Write out the entries below exactly, from the first line to the one with "Santiano - MTV-Unplugged Santiano", both ends included.

(Excerpts from a dataset)

- - - - - - -

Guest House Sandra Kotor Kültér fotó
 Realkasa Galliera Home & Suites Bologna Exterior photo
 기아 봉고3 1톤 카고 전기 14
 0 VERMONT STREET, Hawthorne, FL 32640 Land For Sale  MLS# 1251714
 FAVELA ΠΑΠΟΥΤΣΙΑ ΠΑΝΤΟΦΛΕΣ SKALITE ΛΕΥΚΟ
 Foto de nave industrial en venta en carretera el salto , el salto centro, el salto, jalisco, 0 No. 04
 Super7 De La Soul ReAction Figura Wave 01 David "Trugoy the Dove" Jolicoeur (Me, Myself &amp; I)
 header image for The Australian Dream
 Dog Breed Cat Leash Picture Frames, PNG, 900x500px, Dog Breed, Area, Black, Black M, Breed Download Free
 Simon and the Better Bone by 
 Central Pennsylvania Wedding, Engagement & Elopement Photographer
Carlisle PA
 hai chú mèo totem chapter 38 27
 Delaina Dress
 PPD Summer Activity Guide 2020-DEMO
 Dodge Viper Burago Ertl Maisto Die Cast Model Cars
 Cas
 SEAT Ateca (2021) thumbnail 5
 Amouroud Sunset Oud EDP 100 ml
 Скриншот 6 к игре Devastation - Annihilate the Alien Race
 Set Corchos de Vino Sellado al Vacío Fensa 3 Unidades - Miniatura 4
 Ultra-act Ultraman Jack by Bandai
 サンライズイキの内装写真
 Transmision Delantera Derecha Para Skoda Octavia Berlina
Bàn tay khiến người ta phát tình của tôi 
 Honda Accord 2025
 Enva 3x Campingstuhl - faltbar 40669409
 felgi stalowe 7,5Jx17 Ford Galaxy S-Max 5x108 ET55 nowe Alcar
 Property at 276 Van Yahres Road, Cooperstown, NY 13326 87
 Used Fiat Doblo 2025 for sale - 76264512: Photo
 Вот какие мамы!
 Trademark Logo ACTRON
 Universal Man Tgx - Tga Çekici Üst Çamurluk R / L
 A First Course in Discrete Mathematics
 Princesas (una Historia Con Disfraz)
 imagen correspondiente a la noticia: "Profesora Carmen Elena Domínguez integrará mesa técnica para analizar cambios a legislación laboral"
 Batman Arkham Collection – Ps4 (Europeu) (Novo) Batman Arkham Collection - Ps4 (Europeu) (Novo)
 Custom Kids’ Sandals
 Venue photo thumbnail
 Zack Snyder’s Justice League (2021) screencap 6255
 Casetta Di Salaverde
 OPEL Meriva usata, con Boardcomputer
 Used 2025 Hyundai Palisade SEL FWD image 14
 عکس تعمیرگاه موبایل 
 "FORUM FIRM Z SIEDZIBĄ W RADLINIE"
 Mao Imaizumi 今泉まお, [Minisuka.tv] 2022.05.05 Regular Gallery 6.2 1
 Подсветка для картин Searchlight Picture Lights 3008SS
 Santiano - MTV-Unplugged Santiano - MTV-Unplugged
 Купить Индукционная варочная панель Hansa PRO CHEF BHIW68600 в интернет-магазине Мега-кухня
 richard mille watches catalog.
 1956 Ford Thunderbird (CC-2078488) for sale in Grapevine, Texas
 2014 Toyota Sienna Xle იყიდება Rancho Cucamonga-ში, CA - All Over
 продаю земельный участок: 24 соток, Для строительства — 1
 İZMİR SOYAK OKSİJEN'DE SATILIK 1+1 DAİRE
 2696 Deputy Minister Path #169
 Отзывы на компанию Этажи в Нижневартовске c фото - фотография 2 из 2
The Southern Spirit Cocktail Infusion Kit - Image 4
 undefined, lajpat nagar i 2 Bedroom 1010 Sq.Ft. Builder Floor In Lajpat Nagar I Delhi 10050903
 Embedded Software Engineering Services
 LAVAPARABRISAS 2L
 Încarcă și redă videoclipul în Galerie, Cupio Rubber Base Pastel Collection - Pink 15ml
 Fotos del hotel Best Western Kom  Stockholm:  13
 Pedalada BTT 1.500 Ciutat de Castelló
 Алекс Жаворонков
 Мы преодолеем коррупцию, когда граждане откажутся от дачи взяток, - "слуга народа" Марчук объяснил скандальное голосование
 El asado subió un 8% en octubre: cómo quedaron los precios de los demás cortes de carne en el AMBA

- - - - - - -

Output for this task:
Guest House Sandra Kotor Kültér fotó
 Realkasa Galliera Home & Suites Bologna Exterior photo
 기아 봉고3 1톤 카고 전기 14
 0 VERMONT STREET, Hawthorne, FL 32640 Land For Sale  MLS# 1251714
 FAVELA ΠΑΠΟΥΤΣΙΑ ΠΑΝΤΟΦΛΕΣ SKALITE ΛΕΥΚΟ
 Foto de nave industrial en venta en carretera el salto , el salto centro, el salto, jalisco, 0 No. 04
 Super7 De La Soul ReAction Figura Wave 01 David "Trugoy the Dove" Jolicoeur (Me, Myself &amp; I)
 header image for The Australian Dream
 Dog Breed Cat Leash Picture Frames, PNG, 900x500px, Dog Breed, Area, Black, Black M, Breed Download Free
 Simon and the Better Bone by 
 Central Pennsylvania Wedding, Engagement & Elopement Photographer
Carlisle PA
 hai chú mèo totem chapter 38 27
 Delaina Dress
 PPD Summer Activity Guide 2020-DEMO
 Dodge Viper Burago Ertl Maisto Die Cast Model Cars
 Cas
 SEAT Ateca (2021) thumbnail 5
 Amouroud Sunset Oud EDP 100 ml
 Скриншот 6 к игре Devastation - Annihilate the Alien Race
 Set Corchos de Vino Sellado al Vacío Fensa 3 Unidades - Miniatura 4
 Ultra-act Ultraman Jack by Bandai
 サンライズイキの内装写真
 Transmision Delantera Derecha Para Skoda Octavia Berlina
Bàn tay khiến người ta phát tình của tôi 
 Honda Accord 2025
 Enva 3x Campingstuhl - faltbar 40669409
 felgi stalowe 7,5Jx17 Ford Galaxy S-Max 5x108 ET55 nowe Alcar
 Property at 276 Van Yahres Road, Cooperstown, NY 13326 87
 Used Fiat Doblo 2025 for sale - 76264512: Photo
 Вот какие мамы!
 Trademark Logo ACTRON
 Universal Man Tgx - Tga Çekici Üst Çamurluk R / L
 A First Course in Discrete Mathematics
 Princesas (una Historia Con Disfraz)
 imagen correspondiente a la noticia: "Profesora Carmen Elena Domínguez integrará mesa técnica para analizar cambios a legislación laboral"
 Batman Arkham Collection – Ps4 (Europeu) (Novo) Batman Arkham Collection - Ps4 (Europeu) (Novo)
 Custom Kids’ Sandals
 Venue photo thumbnail
 Zack Snyder’s Justice League (2021) screencap 6255
 Casetta Di Salaverde
 OPEL Meriva usata, con Boardcomputer
 Used 2025 Hyundai Palisade SEL FWD image 14
 عکس تعمیرگاه موبایل 
 "FORUM FIRM Z SIEDZIBĄ W RADLINIE"
 Mao Imaizumi 今泉まお, [Minisuka.tv] 2022.05.05 Regular Gallery 6.2 1
 Подсветка для картин Searchlight Picture Lights 3008SS
 Santiano - MTV-Unplugged Santiano - MTV-Unplugged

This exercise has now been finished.